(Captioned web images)
----

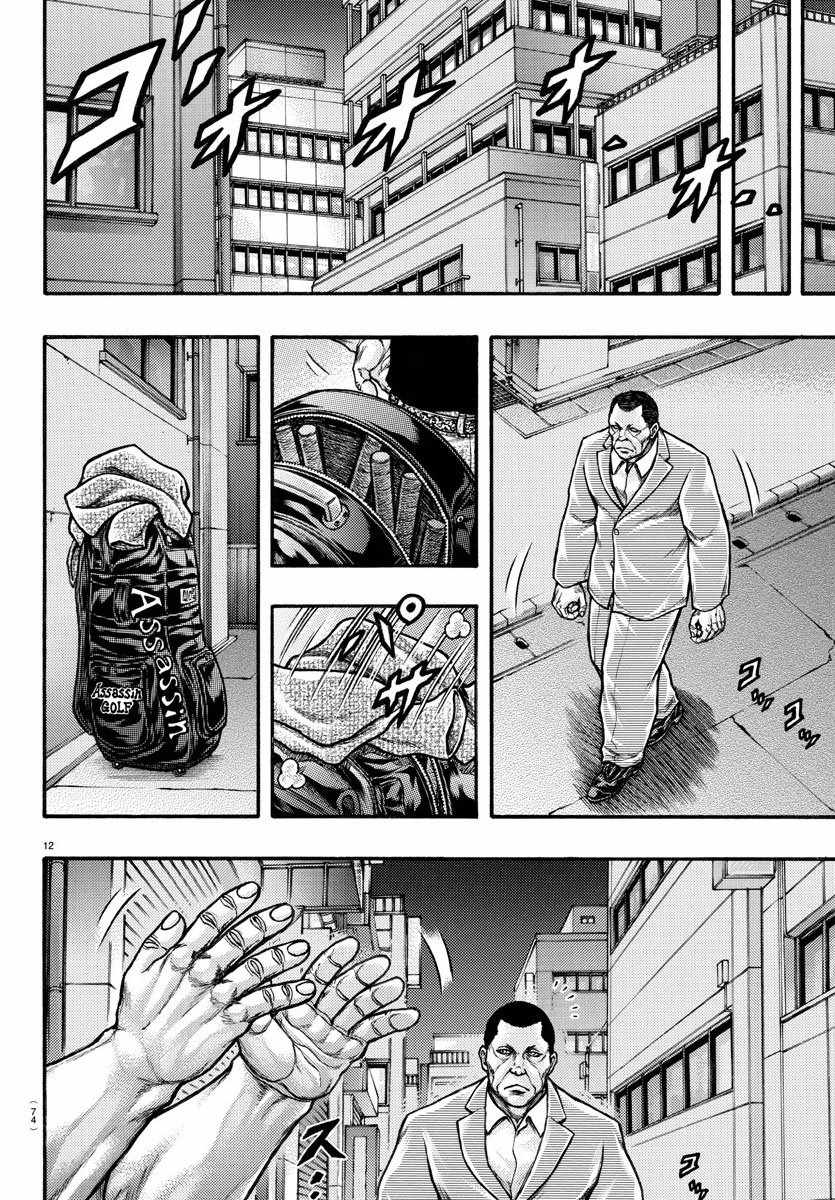 《刃牙外传疵面》漫画最新章节第56话免费下拉式在线观看章节第【12】张图片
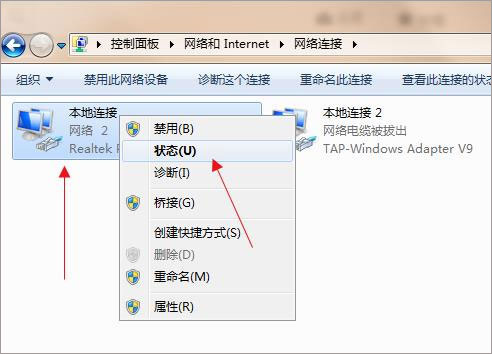 Pro E中文版
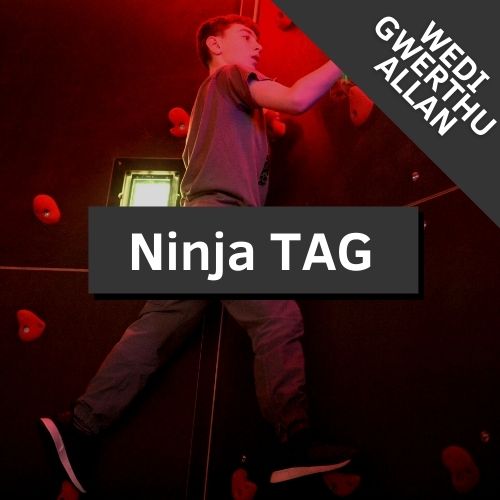 tag – WEL sold out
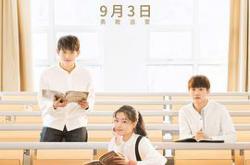 你是我眼中的山川和海洋MP4格式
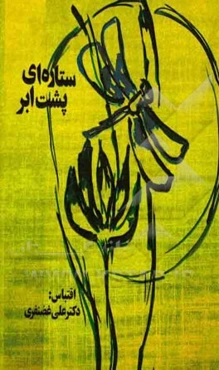 ستاره‌ای پشت ابر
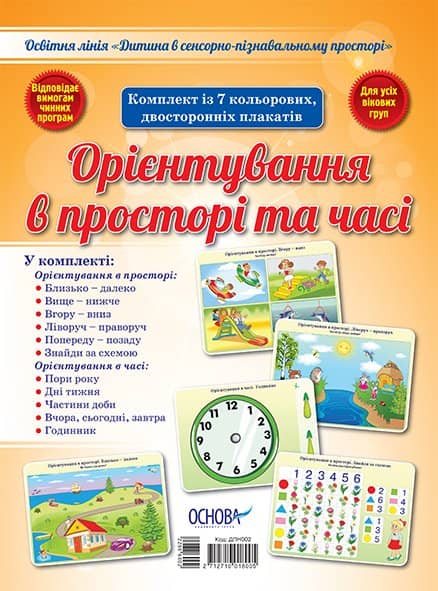 Комплект плакатів &amp;quot;Орієнтування в просторі та часі&amp;quot;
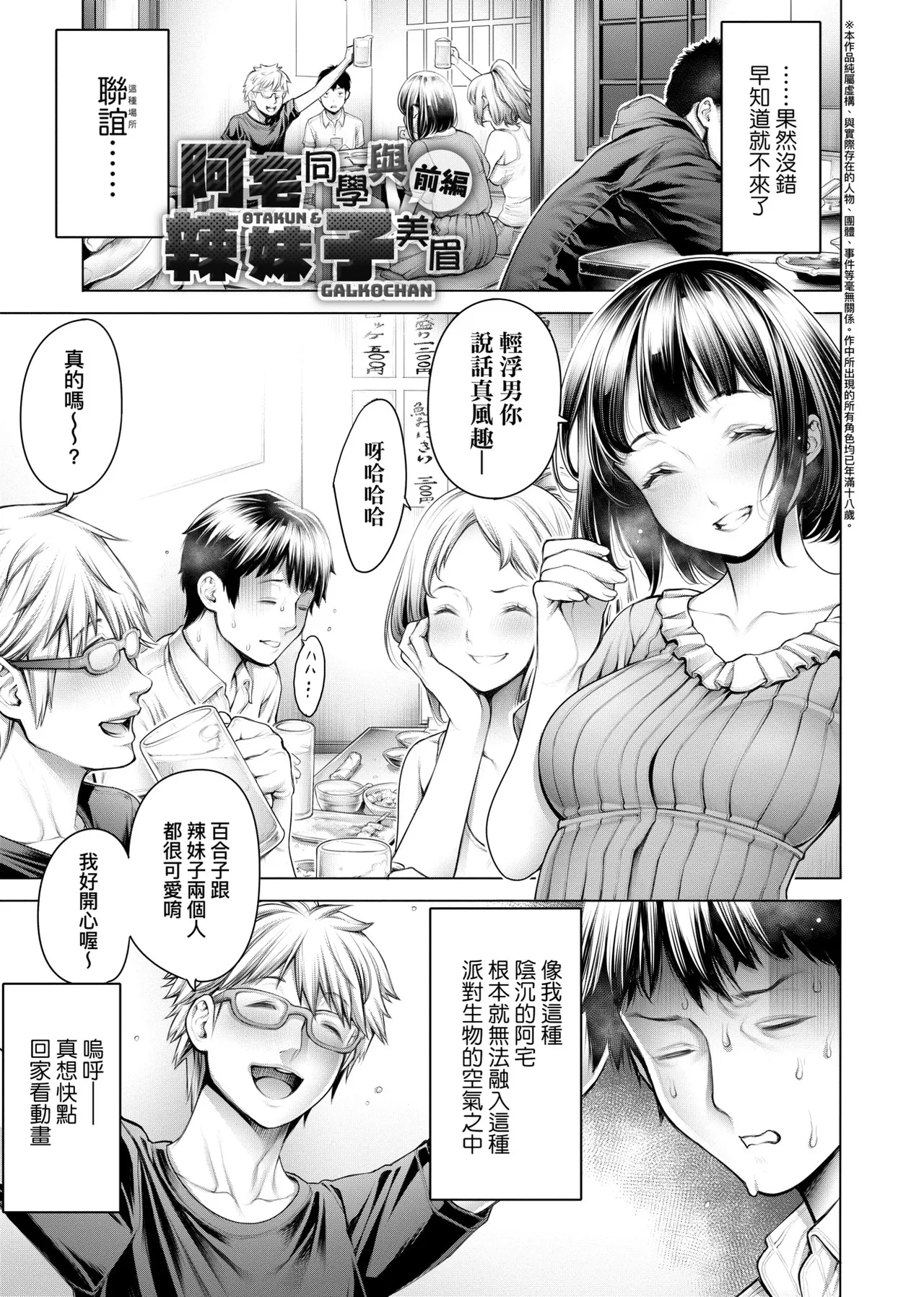 #Imamadede Ichibanyokatta Sex | ＃至今為止感覺最棒的一次做愛 - Page 30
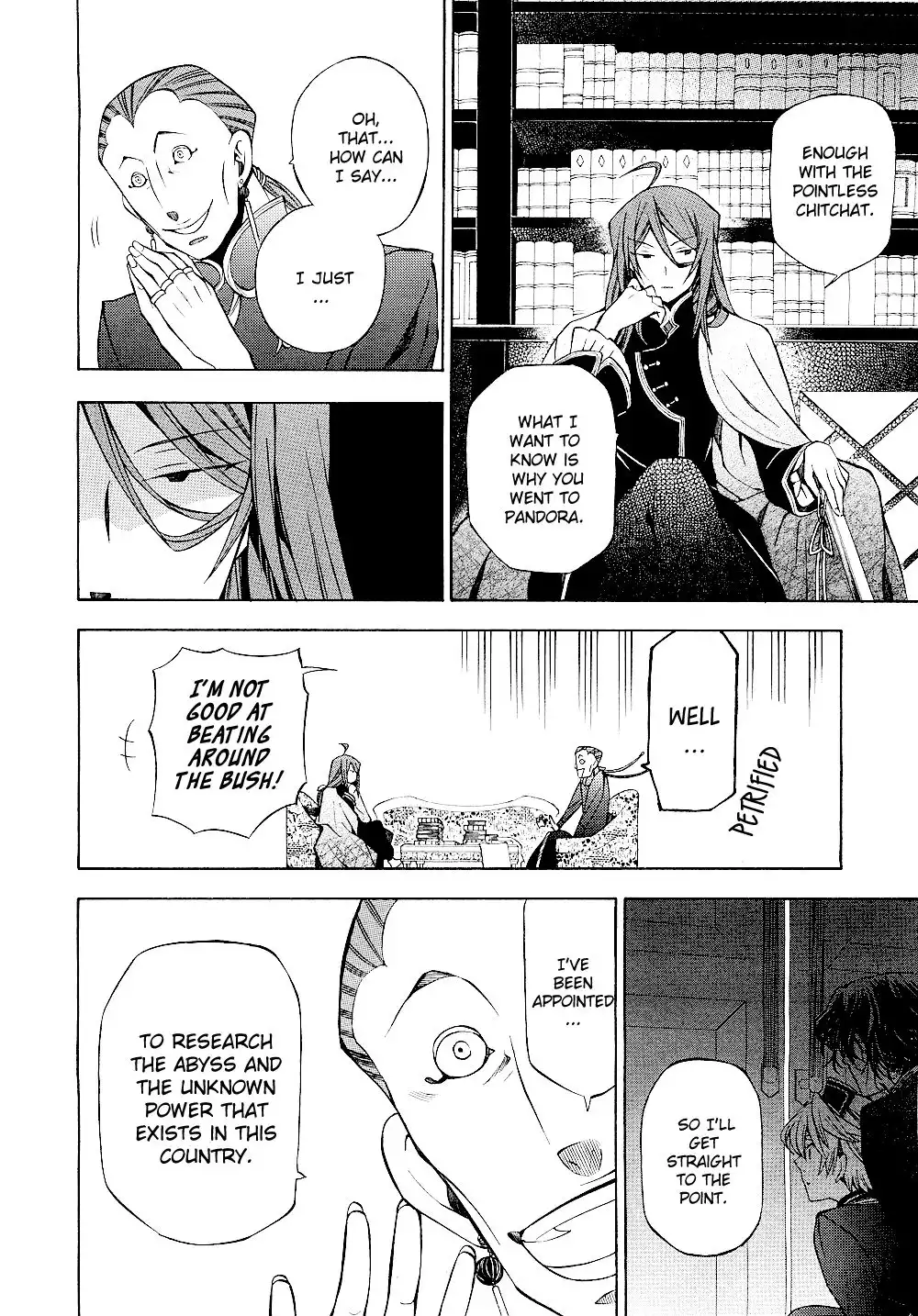 Pandora Hearts Chapter 48 18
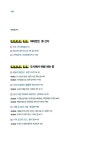 [중고] ESC 이에스시 | <Esc>를 만드는 사람들 엮음 | 알라딘 [중고] ESC 이에스시 | 를 만드는 사람들 엮음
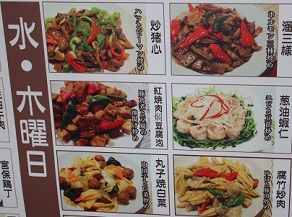 延吉香で羊肉をたっぷりと金属椀のご飯 Kimcafeのb級グルメ旅 延吉香で羊肉をたっぷりと金属椀のご飯 Kimcafeのb級グルメ旅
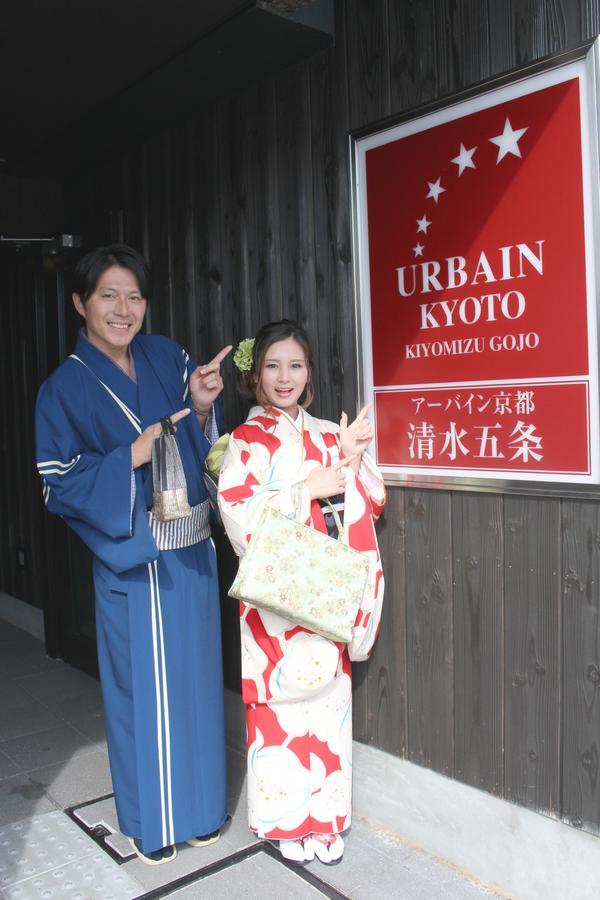 Urbain Kyoto Kiyomizugojo Eksteriør bilde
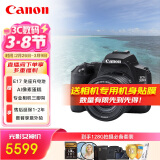 佳能（Canon）佳能200D二代 入门级单反数码相机 轻量便携 自拍视频vlog 半画幅单反 学生旅行家用 拍摄必备套装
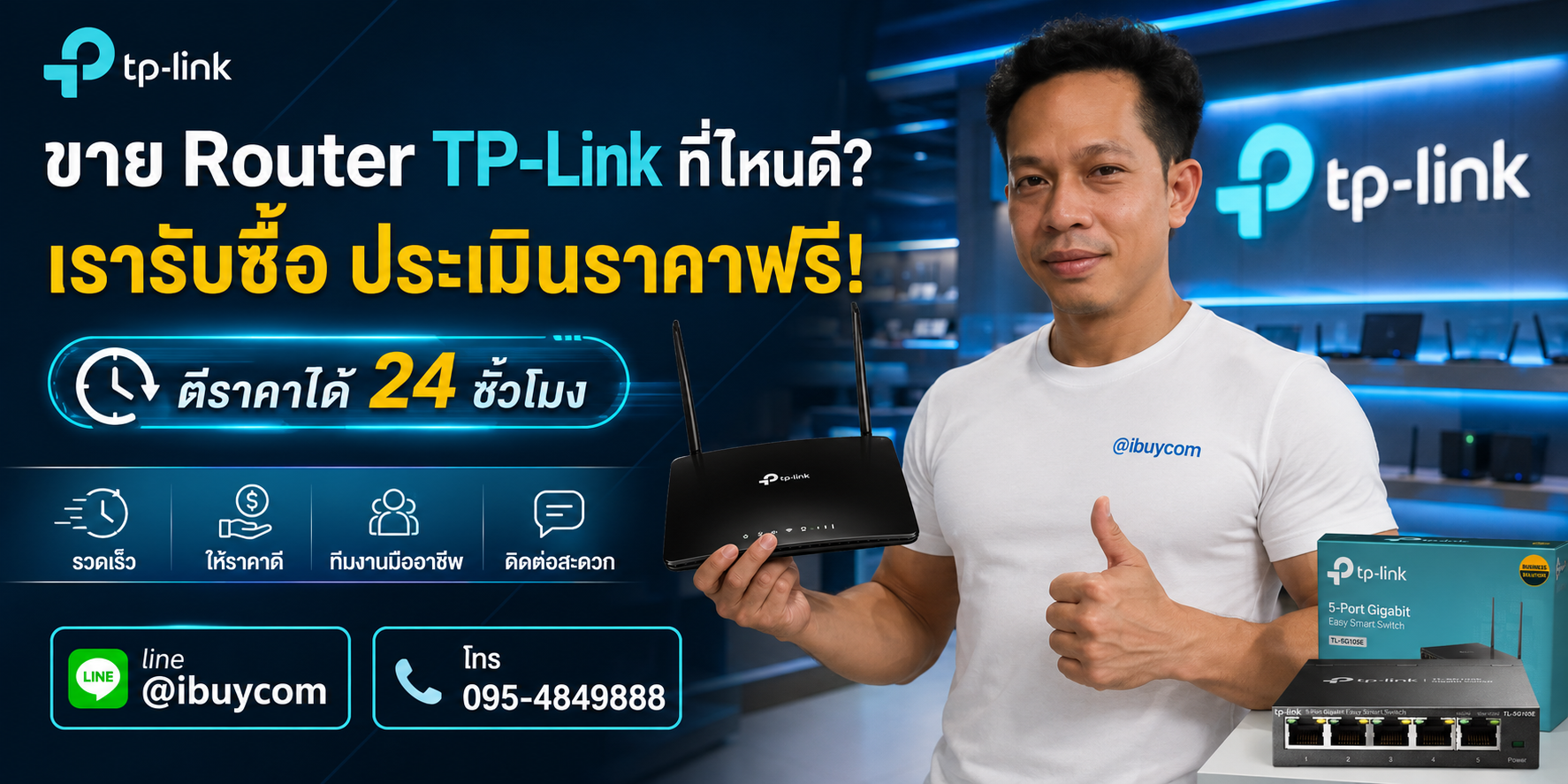 ภาพปิดท้ายบริการรับซื้อ TP-Link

----

ACTIVITY:
In your reply, please set down exactly the lines from the one containing "延吉香で羊肉をたっぷりと金属椀のご飯 Kimcafeのb級グルメ旅 延吉香で羊肉をたっぷりと金属椀のご飯" through the end of the records, with the pictures left out.

RESULT FOR THIS EXERCISE:
 延吉香で羊肉をたっぷりと金属椀のご飯 Kimcafeのb級グルメ旅 延吉香で羊肉をたっぷりと金属椀のご飯 Kimcafeのb級グルメ旅
 Urbain Kyoto Kiyomizugojo Eksteriør bilde
 佳能（Canon）佳能200D二代 入门级单反数码相机 轻量便携 自拍视频vlog 半画幅单反 学生旅行家用 拍摄必备套装
 ภาพปิดท้ายบริการรับซื้อ TP-Link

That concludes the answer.